**EXERCISE BRIEF:** All lines below starting at the one that holds "Awatar dla Joshua Redman, The Bad Plus" and ending at the one that holds "Royal hotti0011 online show from 04.18.26" should be printed exactly, ends included. Pictures should not be printed, nor anything else.

**DATA FOR PROCESSING:**
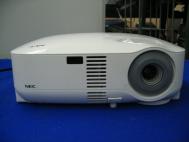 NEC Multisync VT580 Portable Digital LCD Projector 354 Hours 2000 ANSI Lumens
==
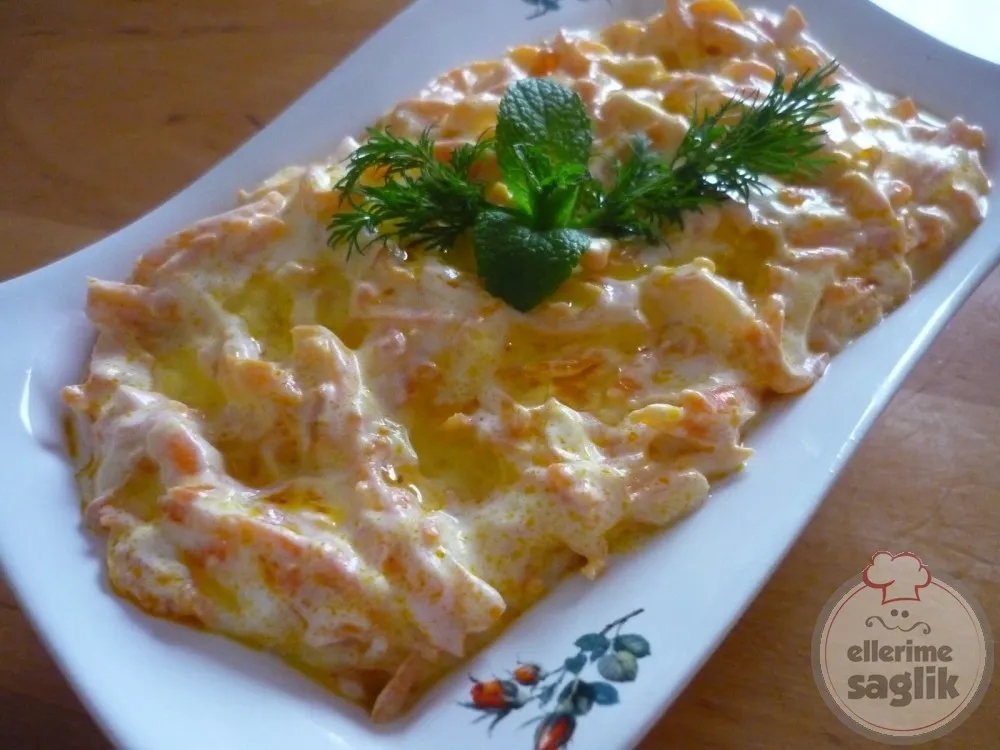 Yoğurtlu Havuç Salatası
* * *
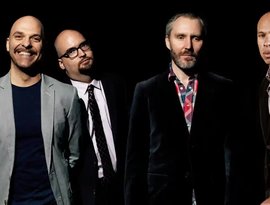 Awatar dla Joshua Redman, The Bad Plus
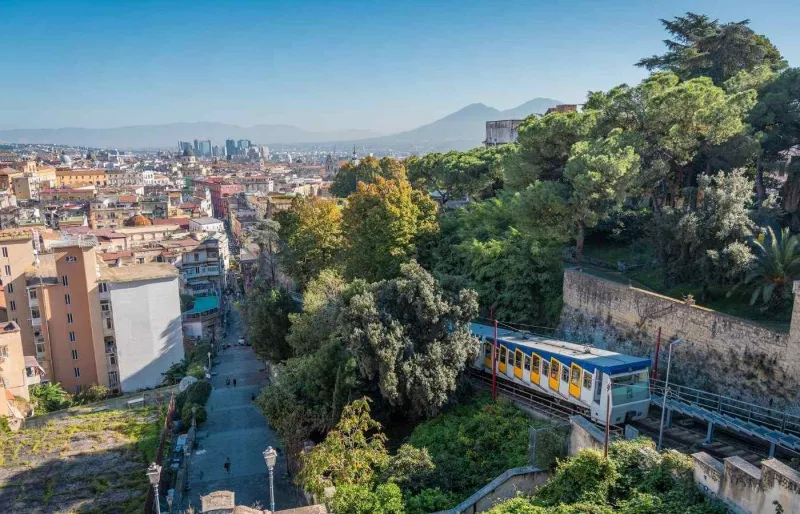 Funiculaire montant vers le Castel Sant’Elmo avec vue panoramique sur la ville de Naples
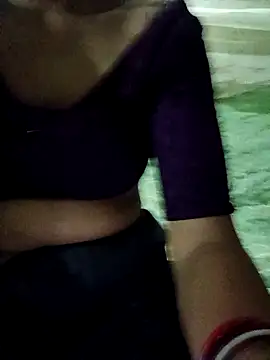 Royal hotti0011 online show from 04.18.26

**REPLY TO THE TASK:**
 Awatar dla Joshua Redman, The Bad Plus
 Funiculaire montant vers le Castel Sant’Elmo avec vue panoramique sur la ville de Naples
 Royal hotti0011 online show from 04.18.26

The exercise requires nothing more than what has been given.